Boyardville (/fr/) is a district in the town of Saint-Georges-d'Oléron on the eastern part of Oléron Island (Île d'Oléron), Charente-Maritime, Nouvelle-Aquitaine, France. The community has a small beach resort, fishing port, and marina, and its shore is a popular spot for surfing.

The name of the district derives from Fort Boyard, a famous Napoleonic ocean fortress located a few kilometres offshore. Materials were stored in Boyardville for construction of the fort, and hundreds of labourers who built it resided in barracks located there.

Less known is Fort Galissonière (formerly Fort Napoleon), located in the Saumonards forest. Designed to protect the mouth of the Charente and the arsenal of Rochefort, it lost any military purpose and is now converted into a summer vacation retreat.

==History==
Boyardville has a long history mixed with legends, like many places on Oléron Island. According to tradition, a Spanish galleon and its cargo of gold ran aground in 17th century off Saumonards beach.

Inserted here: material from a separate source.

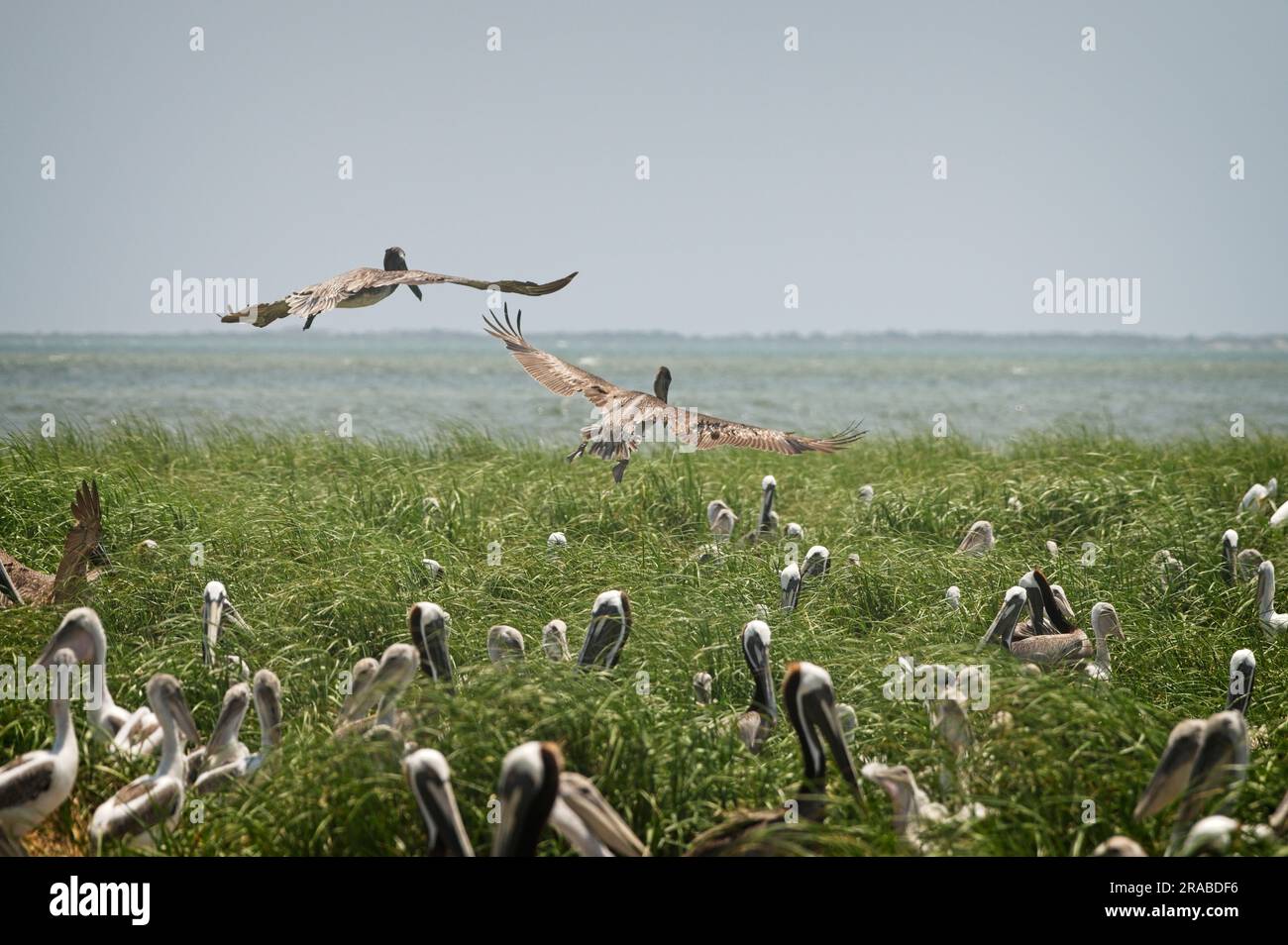 UNITED STATES - June 2023: Beacon Island, a small marshy island near ...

The village began to develop as large fortifications were built to defend its strategic location, notably Fort Boyard immediately off of its shores. Fort Galissonière, nearby, hosted small military garrisons, and in the 19th century. The French Navy chose Boyardville as the place to operate a torpedo training school, and constructed a Naval academy in 1876. Renowned Torpedo Boat No. 5 was moored at Boyardville for several years.

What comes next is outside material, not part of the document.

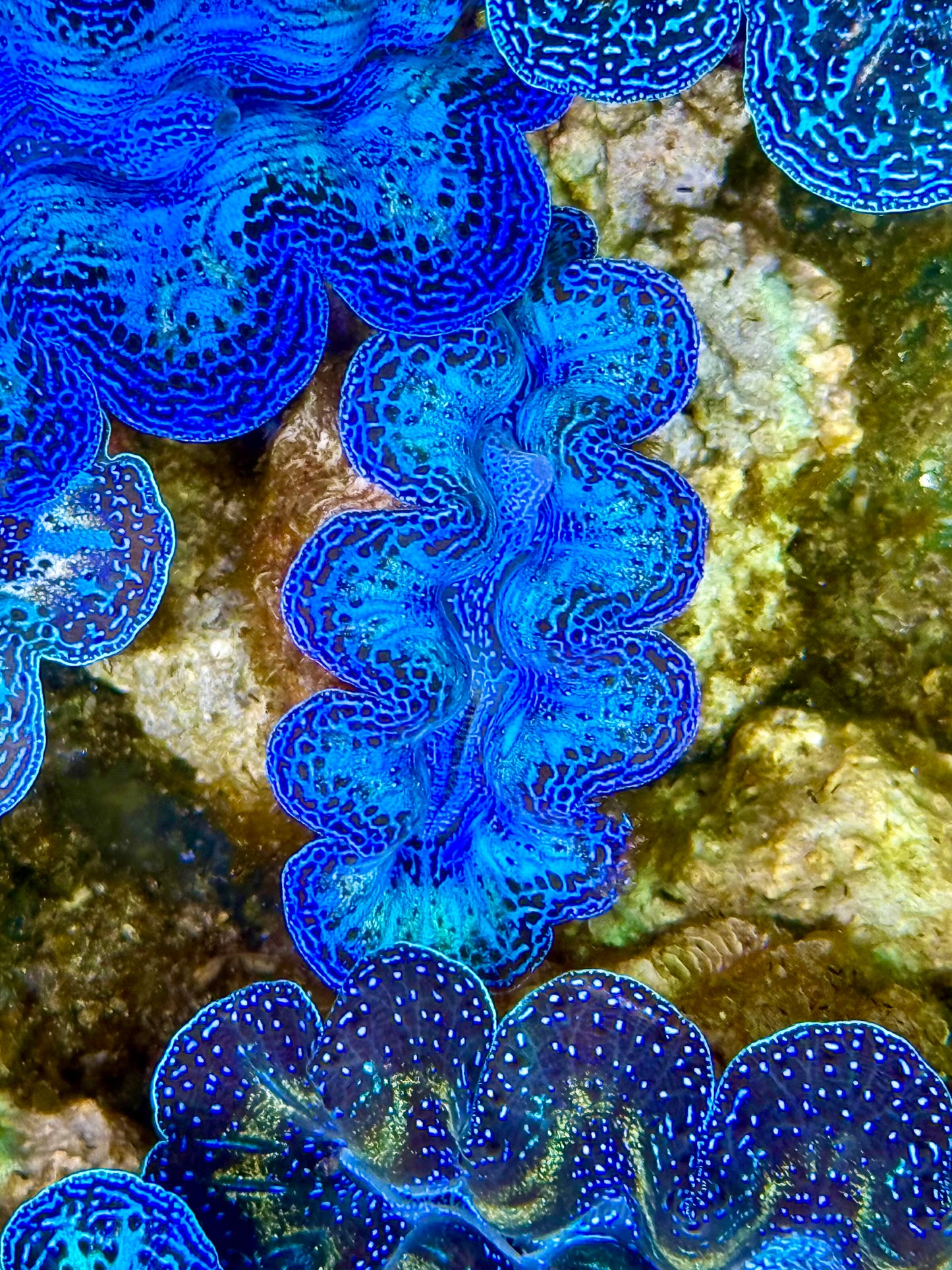 Captive Bred Cultured Rainbow Tridacna Clam 2” to 2.5 inches K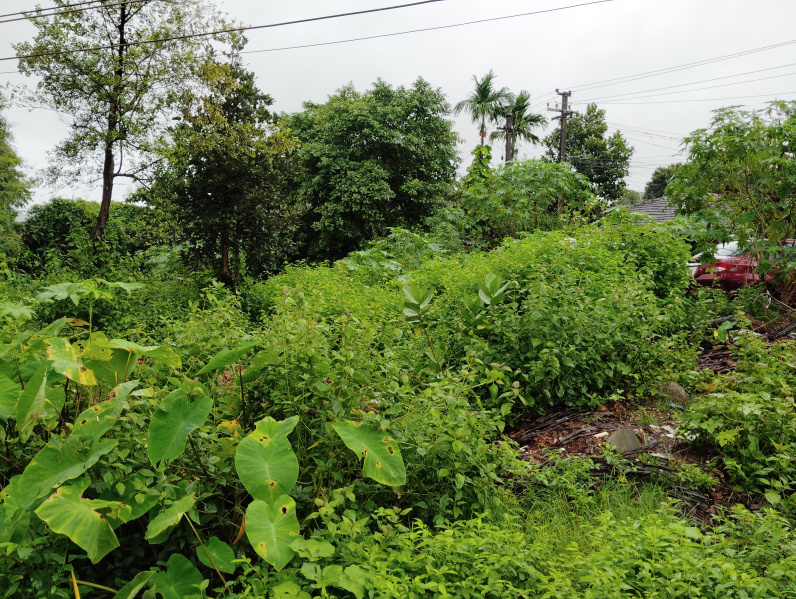  Residential Plot 26000 Sq. Meter for Sale in Saipem, North Goa,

Boyardville has long been an important port of entry for cargo passing in and out of the island. Once goods unloaded at the docks, they were transferred to a steam railway that served the villages on both ends of the island. The old rail terminal is still visible on Sauzelle Road.

Boyardville was seriously damaged by two extremely violent storms in recent decades. Martin, called "Storm of the Century," struck in December 1999, during which 198 km/h gusts of wind were recorded. Xynthia hit in February 2010, causing massive flood damage from the ocean, as well as bursting a dam that caused flooding that destroyed many neighborhoods.